March 11, 2006

 

CBOT Corn Review on Friday: Ends higher on speculative buying

 

 

Corn futures at the Chicago Board of Trade ended higher Friday, matching the week's highs on speculative buying.

 

CBOT March corn settled 2 3/4 cents higher at US$2.26, and May corn ended 2 1/2 cents higher at US$2.34 1/2.

 

The market has managed to ignore bearish supply-side fundamentals as well as improved weather conditions heading into the planting season amid the price strength associated with speculative buying, said a CBOT commission house broker.

 

Speculative fund buying was estimated near 4,000 contracts, with futures able to shake off late spillover weakness from wheat and soybeans. The U.S. Department of Agriculture's supply and demand report was deemed a non-event as the projections fell in line with analyst expectations.

 

The lack of any fundamental drivers rekindled speculative interest, with futures quickly erasing early losses in a continuation of Thursday's price strength.

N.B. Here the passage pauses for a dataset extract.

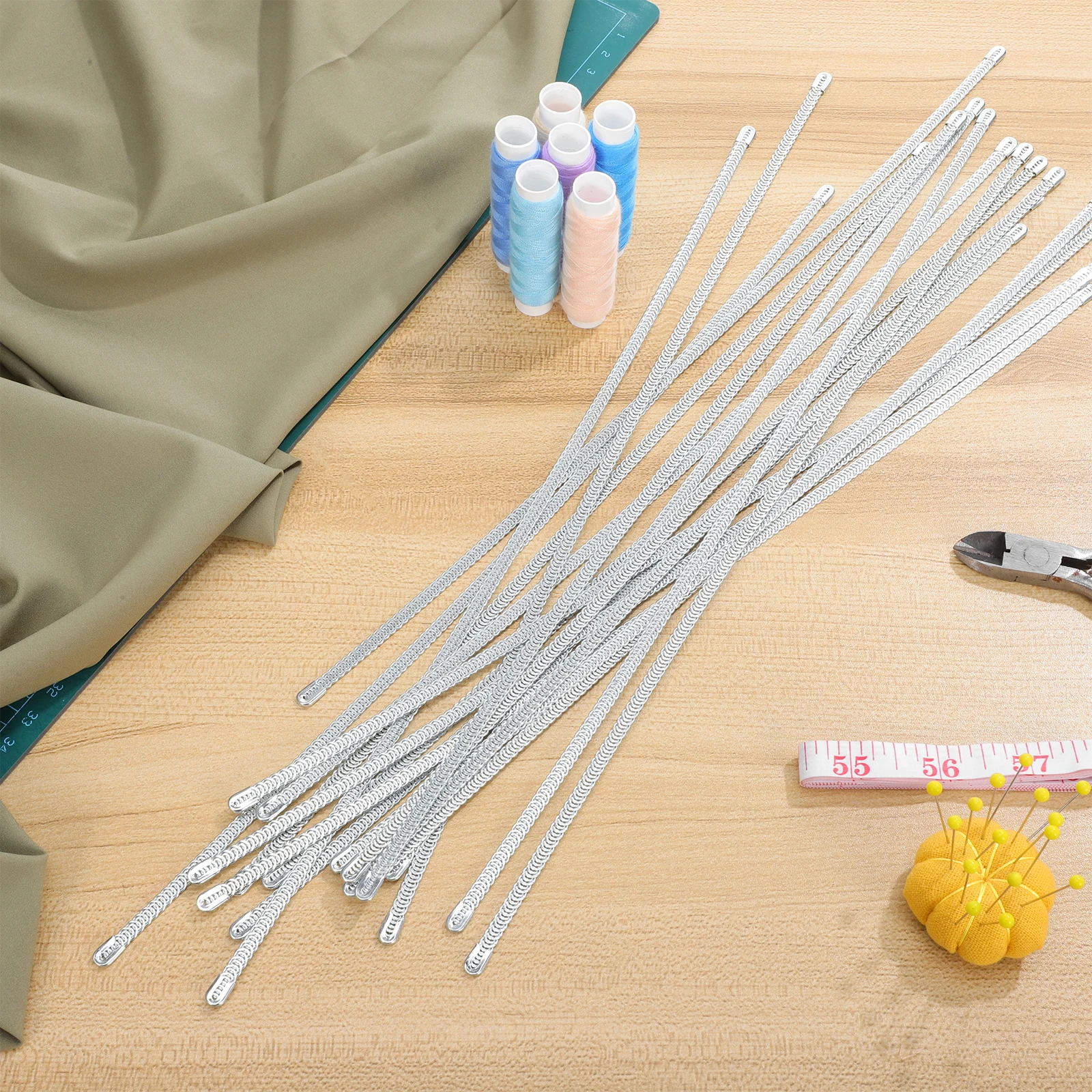 35pcs Spiral Flexible Metal Boning For Corset Making Steel Support Wedding Dress Sewing Accessories Corset Structure Polyester
35pcs Spiral Flexible Metal Boning For Corset Making Steel Support Wedding Dress Sewing Accessories Corset Structure Polyester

Traders said bearish influences are factored into prices, and without any speculative push to extend losses below the US$2.30-per-bushel level basis May make it tough to sell into the market.

 

This continued with futures settling into narrow price ranges through midday, before another wave of speculative buying enticed local traders into pushing prices higher.

 

However, the market's inability to breach resistance at US$2.35 3/4 - the bottom of a chart gap left from Monday - stalled the rally and attracted some light profit-taking to trim the gains on the close, traders said.

 

Ahead of the open, USDA reported 2005-06 U.S. corn ending stocks at 2.351 billion bushels, above the average trade estimate of 2.338 billion. The projection for corn exports was raised 50 million bushels to 1.900 billion bushels due to larger-than-expected U.S. sales to Asian markets, USDA said. On the world balance sheet, ending stocks edged higher to 130.2 million tonnes from last month's 128.16 million.

 

Meanwhile, Informa Economic pegs U.S. corn seedings at 80.091 million acres, down from 2004-05 plantings of 81.8 million acres. USDA is scheduled to release its prospective plantings figures March 31.

 

The DTN Meteorlogix forecast calls for rain of up to 1 1/4 inches from the mid-Mississippi Valley through the Ohio Valley Saturday night into Sunday, followed by rainfall of up to 1 inch on Monday. The rains will give some good recharge of soil moisture in the central and southeastern areas of the Midwest. In the western Midwest, west of the Mississippi, rainfall of up to 1 inch is in store during the weekend over most of the region.

 

In pit trades, ABN Amro bought 500 May; JP Morgan bought 400 May and 500 July; Refco bought 1,300 May; Rosenthal and Tenco each bought 500 May; and Shatkin/Arbor bought 400 May.

 

On the sell side, JP Morgan, Fimat, Shatkin/Arbor and Tenco each sold 500 May.

 

Commodity fund buying was estimated near 4,000 lots.

 

Ethanol futures were untraded Friday. The April ethanol contract settled unchanged at US$2.37 per gallon. Oat futures ended higher, in line with other grains. CBOT March oat futures settled 1 1/2 cent higher at US$1.82 and May oats ended 1/4 cent higher at US$1.85 1/4 per bushel.